*

*

Ads

Selasa, 24 April 2018

Pendekar Mata Keranjang Jilid 068

Suara ini memiliki kekuatan dan membuyarkan pengaruh sihir atas diri tiga orang pendeta itu. Tiba-tiba Si Pendeta Tinggi Besar berteriak kaget dan memandang batu dalam pondongannya, juga dua orang temannya terbelalak.

"Omitohud... Si Keparat!" teriak pendeta tinggi besar dan dia pun membalik, kemudian dia melontarkan batu besar itu ke arah Hay Hay!

Lontaran ini mengandung tenaga yang amat kuat, membuat batu besar itu meluncur cepat seperti sebuah peluru meriam yang amat besar menuju ke arah tubuh Hay Hay. Pemuda ini terkejut, kalau dia mengelak, batu itu tentu akan menyerang murid-murid Pek-sim-pang yang berada di belakangnya. Kalau menerimanya, dia khawatir tenaganya tidak mampu menahan lajunya lontaran itu. Jalan satu-satunya hanyalah menyambut batu itu dengan pukulan.

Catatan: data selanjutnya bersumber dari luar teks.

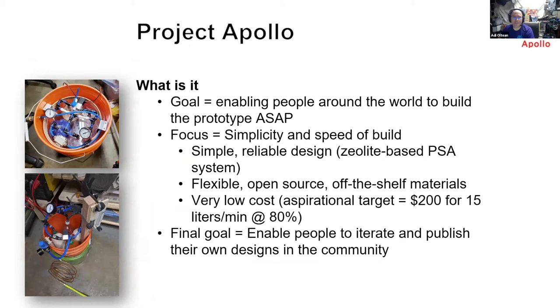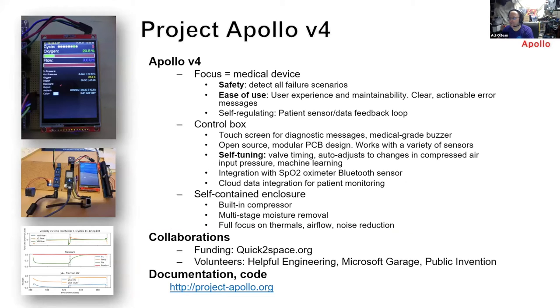What we built initially was called Apollo v2. The goal was to enable people around the world to build a prototype as soon as possible, with a focus on simplicity and speed of build. We wanted to use low-cost materials that everyone can buy from a local hardware store and a few specialized sources like zeolite. The aspiration target cost was $200 for 50 liters per minute at 80%, and we reached around $260 without a compressor.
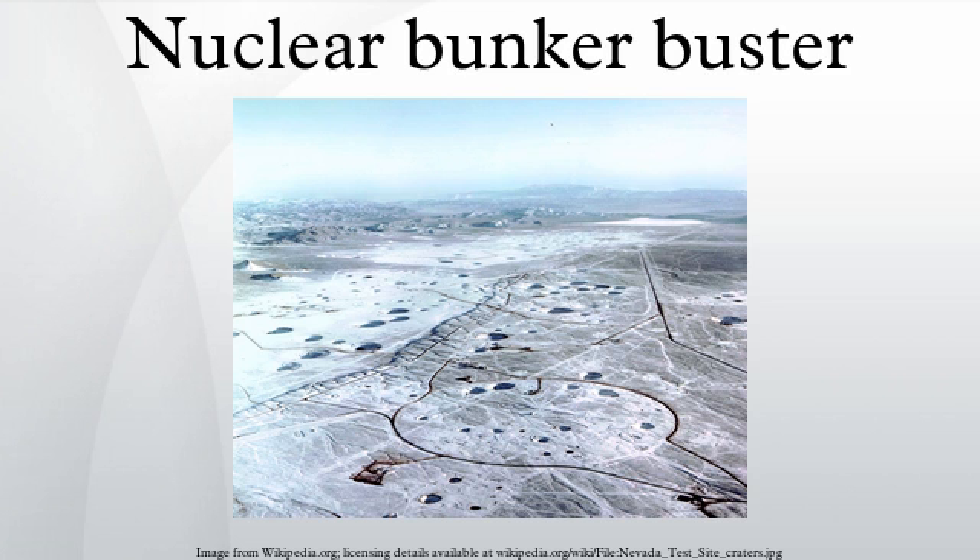The Union of Concerned Scientists advocacy group points out that at the Nevada test site, the depth required to contain fallout from an average yield nuclear test was over 100 meters, depending upon the weapon's yield. They contend that it is improbable that penetrators could be made to burrow so deeply. With yields between 0.3 and 340 kilotons, they argue, it is unlikely the blast would be completely contained. Another criticism is that bunkers can be built at greater depth, with their vulnerability limited to openings like the ventilation system, which are susceptible to conventional explosives. Proponents of nuclear bunker busters respond that deeper bunkers entail higher costs, limiting the potential enemies who can withstand them.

Hay Hay mengerahkan tenaga sin-kangnya dan begitu batu menyambar sampai di depannya, dia pun memukul batu itu dengan tangan miring, menggunakan tangan kirinya yang mengandung tenaga sepenuhnya itu.

"Darrr ...!"

Batu besar itu pecah berhamburan, pecahannya yang kecil-kecil melesat ke mana-mana, akan tetapi tidak berbahaya lagi andaikata mengenai orang-orang yang berada di sekitar tempat itu. Kembali semua orang memuji dengan sorak dan tepuk tangan!

Kini tiga orang pendeta Lama itu sudah maju lagi menghampiri Hay Hay dengan pandang mata penuh kemarahan dan dendam. Akan tetapi begitu tiba di depan pemuda itu, Hay Hay membentak,

"Kalian bertiga mau apa? Lihat baik-baki, aku adalah Dalai Lama!"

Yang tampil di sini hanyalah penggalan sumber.